On Fresh Air yesterday Terry Gross interviewed an entomologist who made his name studying the dung beetle, which turns out to be a more romantic subject than one might expect.  Dung beetles inhabit a nearly medieval world of armored combat, knight-errantry and captured damsels.  Each species (there are over two thousand) has its own particular weaponry: maces, hooks, and spines of sword-like vorpal efficiency.  Male beetles stake out territory and challenge all passers, and fight for the sexual favors of females dispensed beneath pavilions of cow shit that serve for castle, boudoir, and supper.

It’s Malory in miniature, except for the pavilion-eating part.

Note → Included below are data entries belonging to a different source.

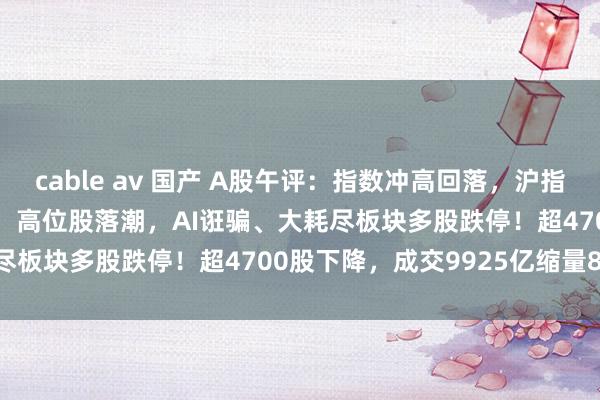 cable av 国产 A股午评：指数冲高回落，沪指跌0.57%创指涨0.22%，高位股落潮，AI诳骗、大耗尽板块多股跌停！超4700股下降，成交9925亿缩量855亿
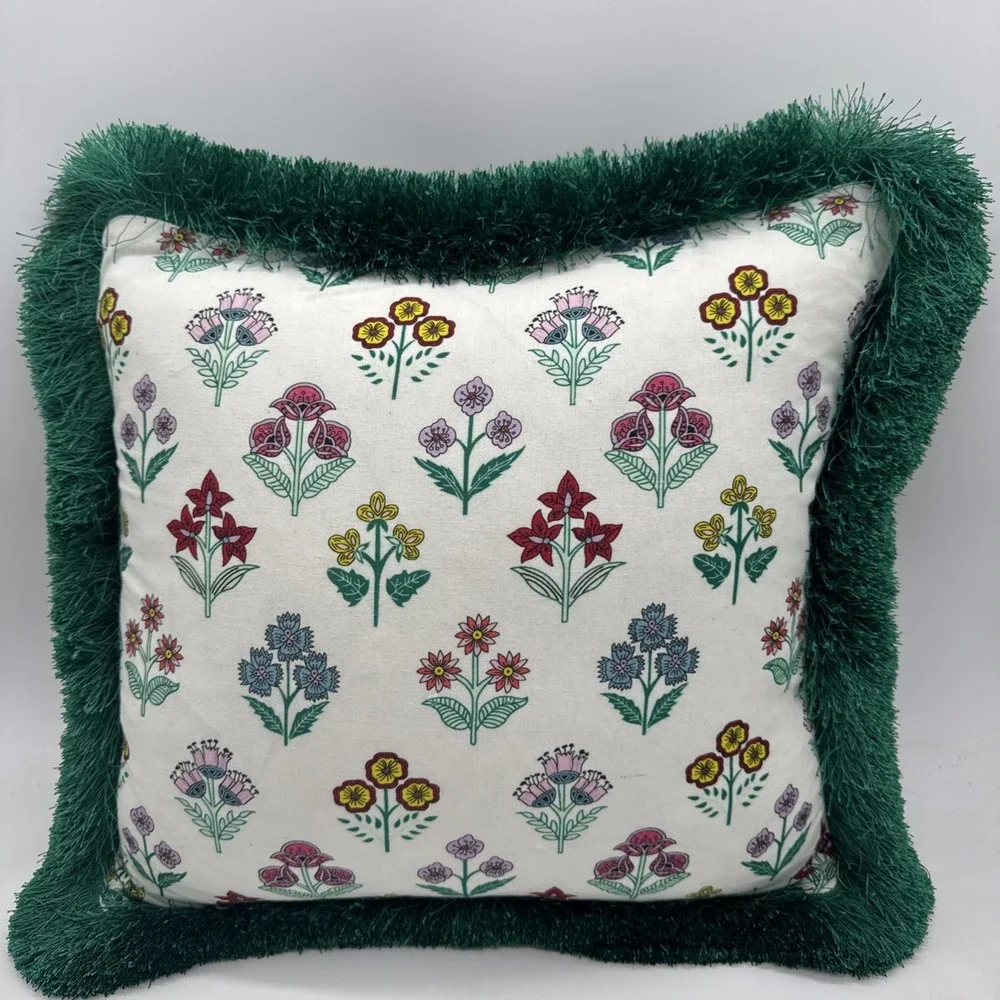 Furbish Dual Sided Decorative Floral Throw Pillow Tasseled Trim 17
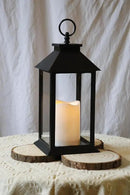 YAKii Hanging Glass Panes Lantern Portable Led Lantern Decorative Operated by 3AAA Battery Use for Garden Yard, Indoor Decoration Candle (Black) by CozyNest Decor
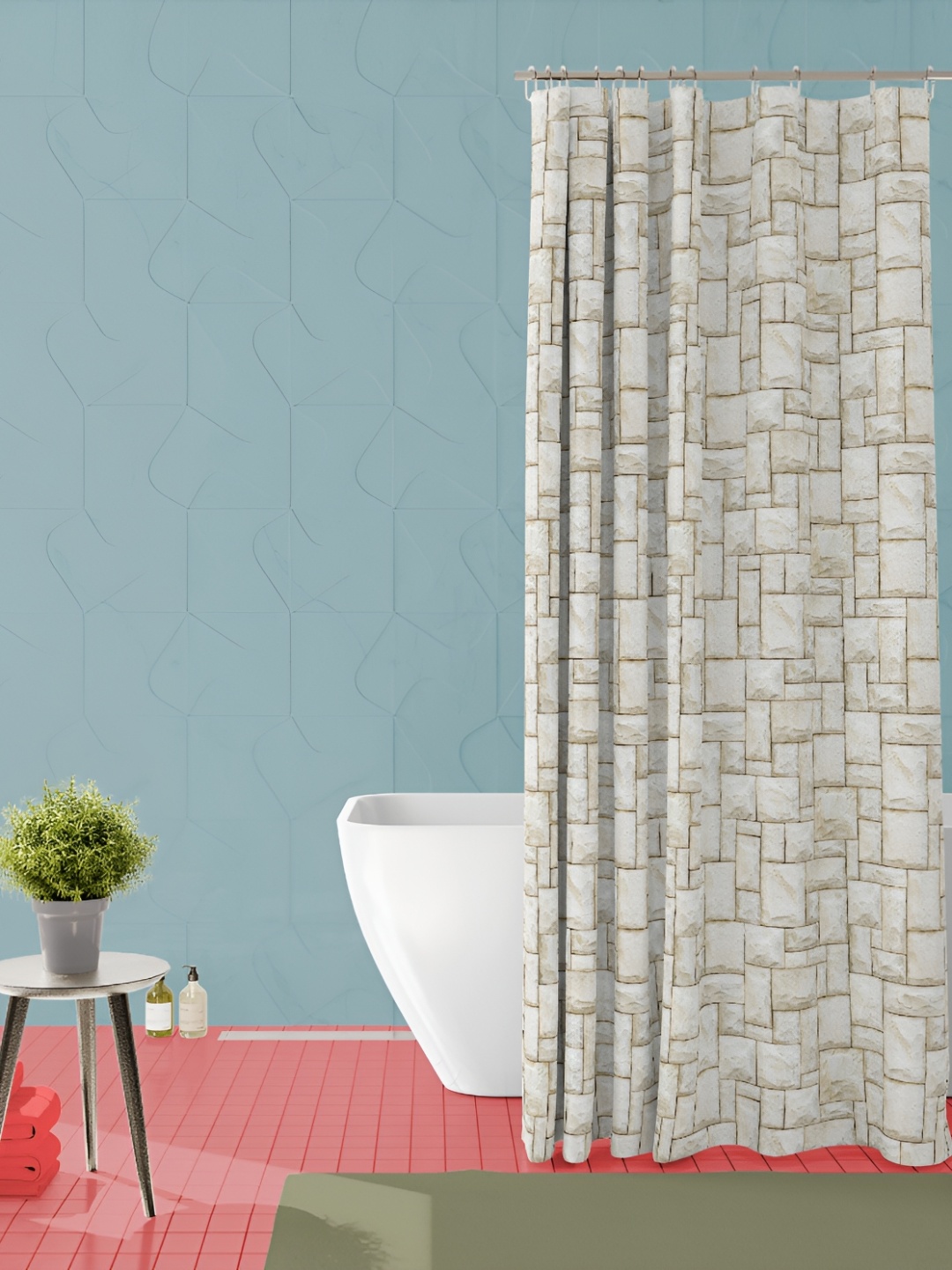 

ArtzFolio White & Brown Printed Waterproof Shower Curtains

My wife informs me that weevils have infested our stock of oatmeal, which will have to be thrown out.  The weevil happens to be the subject of a friend’s doctoral studies.  It must also have been a favorite of Jim Henson – to judge by the long-snouted spy Garindan from the original Star Wars movie and Gonzo from The Muppet Show.  Despite the consonance of words, however, the weevil doesn’t look particularly evil.  It’s actually cute.  But of course insects are commonly associated with darkness, decay, evil.  It’s probably undeserved, and I’m afraid the former administration’s “enhanced interrogation techniques” (confined spaces, bugs) only adds to the slander.

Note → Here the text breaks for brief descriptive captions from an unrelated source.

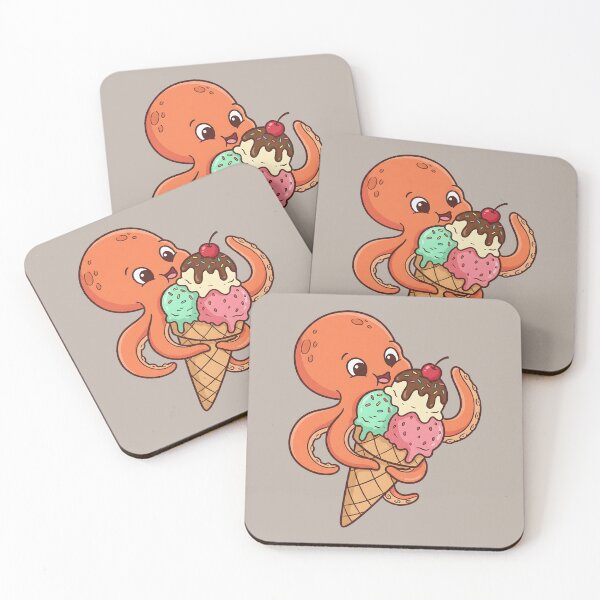 Item preview, Octopus Ice Cream Treat - Cute Aquatic Animal Foodie Art designed and sold by AwesomeBeyondLimits.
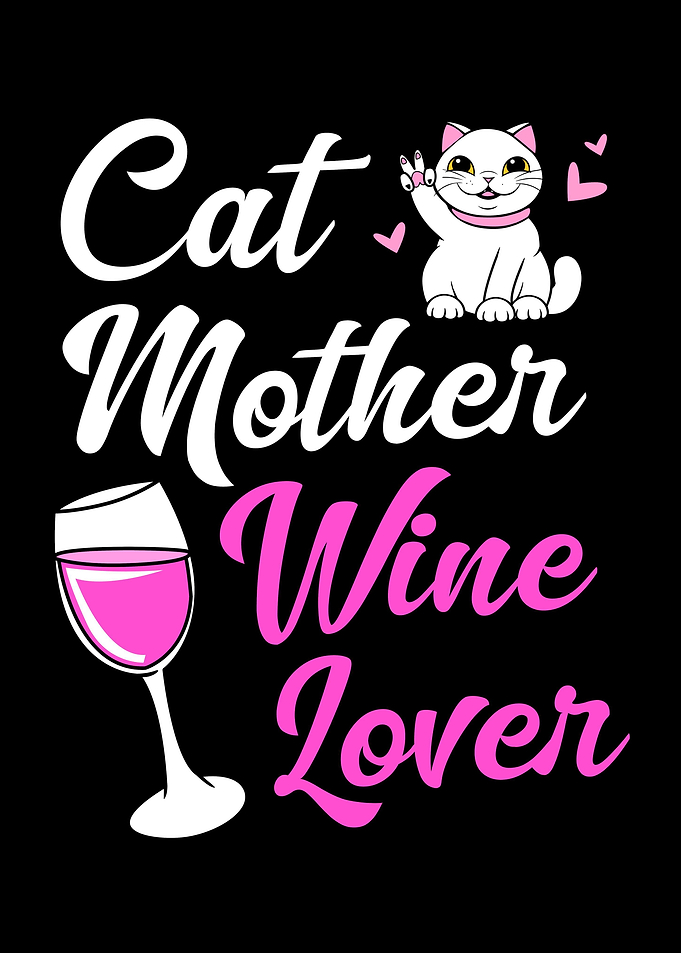 Cat Mother Wine Lover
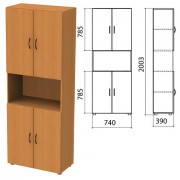 Шкаф полузакрытый 'Фея', 740х390х2000 мм, цвет орех милан (КОМПЛЕКТ)
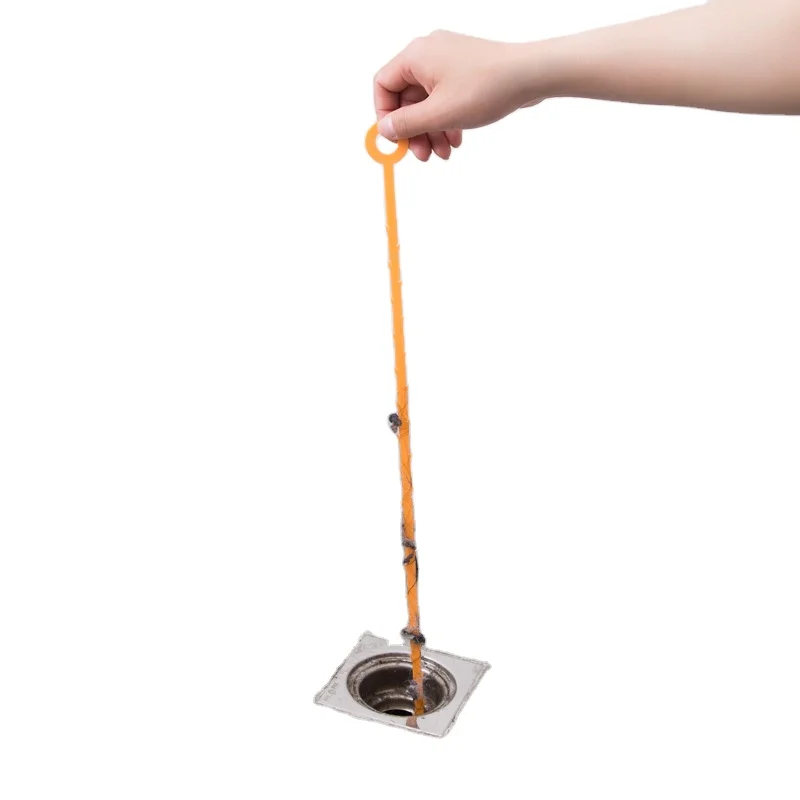 

Sewer Hair Hair Cleaner Toilet Clogged Cleaning Hook Kitchen Plumbing Hook, Orange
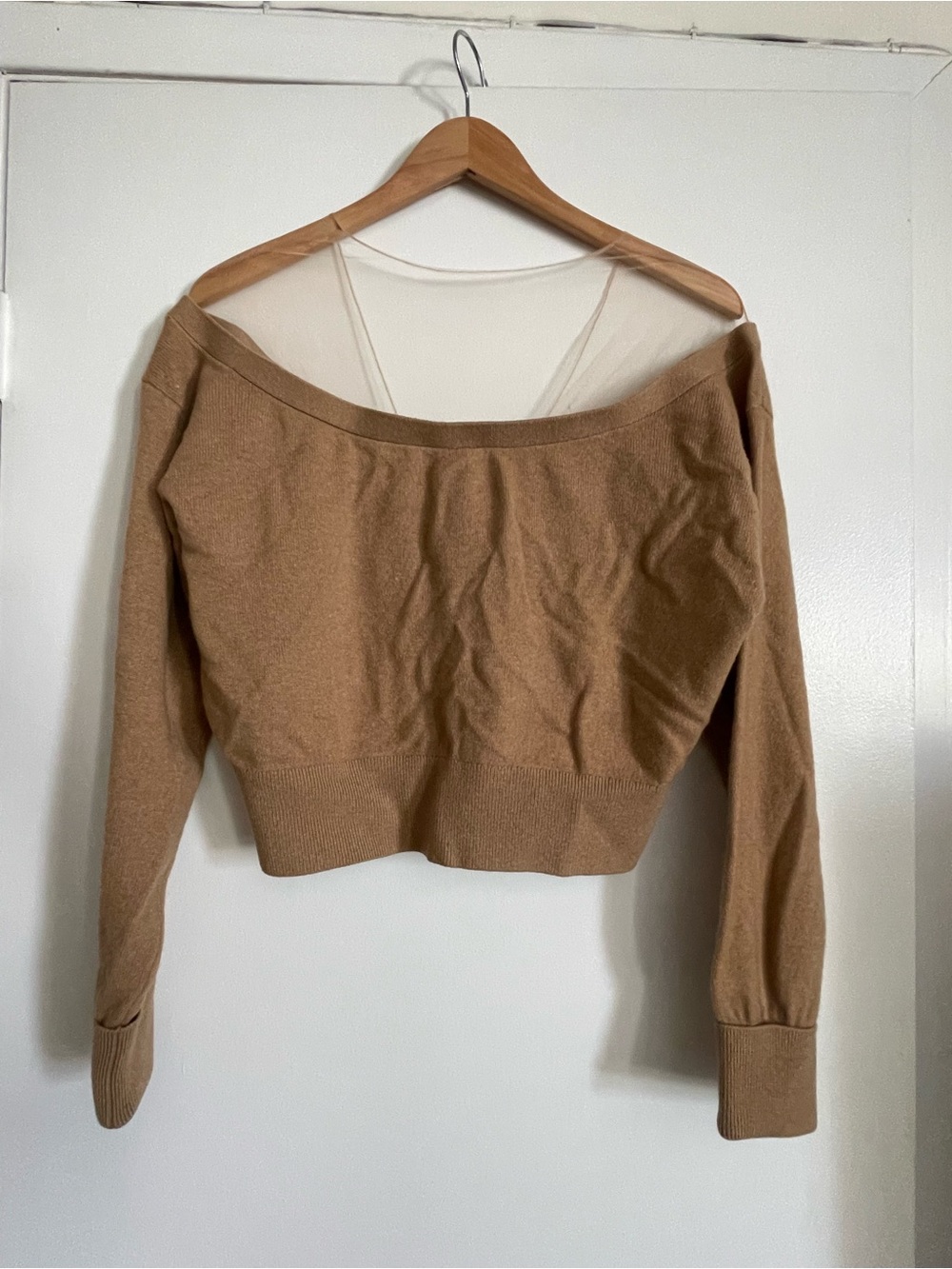 Alexander Wang camel Illusion Off-Shoulder Cropped Knit Sweater - Picture 10 of 10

That proposition (bugs = evil) brings me to Scottish poet Edwin Muir.  In his Autobiography Muir recounts his 19th century childhood on the little Orkney rock of Wyre where there was nothing much in the way of trees, ground-cover, or people, but an apparent abundance of quaintly nicknamed bugs (like “Jenny Hunderlegs”) to play on his boyish phobias.  With the exception of arachnids, which he imagined “bearded and magistral” and generally well intentioned, these were for little Edwin objects of paralyzing horror:

…interesting but squalid, with thoughts that could never be penetrated, inconceivable aims, perverse activities… like little fragments of night darting about in the sun.  Their presence troubled me as the mind is troubled in adolescence by the realization of physical lust.  The gavelocks and forkytails were my first intimation of evil, and associations of evil still cling round them for me.

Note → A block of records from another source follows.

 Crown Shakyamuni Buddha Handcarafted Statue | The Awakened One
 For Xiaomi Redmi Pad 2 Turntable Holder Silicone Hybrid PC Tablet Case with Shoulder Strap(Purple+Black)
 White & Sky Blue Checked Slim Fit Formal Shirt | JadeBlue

Leaving alone the weird association of insect-revulsion with lust (despite Muir’s own penchant for Freudian self-analysis, he doesn’t expand on this), it’s curious to note that Muir and his wife, Willa, were among the first to translate Kafka into English, and their rendering of Metamorphosis is still widely available.  Exactly what kind of insect Gregor Samsa is transformed into is unclear in the original German (the Muirs kept it simple with “insect”  and so avoided the dreadfully bland “vermin” I’ve seen elsewhere), but illustrators have frequently made him a cockroach – of all insects, perhaps the most viscerally associated with filth and evil.  I’m not sure whether this is less fair to the cockroach or to Gregor Samsa.

Vladimir Nabokov deplored such jumping to conclusions on the part of Kafka’s reckless illuminators.  Instead he suggests a proper reading of the text would make Gregor Samsa one of those more noble beetles with wings tucked under its carapace: which is to say that Samsa could fly if only he knew it.  Such a suggestion, however, merely proves that Nabokov never spent a night in the miserable Key Largo motel where I once stayed, where hordes of giant, winged cockroaches buzzed overhead and knocked senselessly into walls and mirrors from dusk to dawn.  Really, Nabokov should have had enough basic entomology to know about winged cockroaches.  He was, after all, a part-time lepidopterist.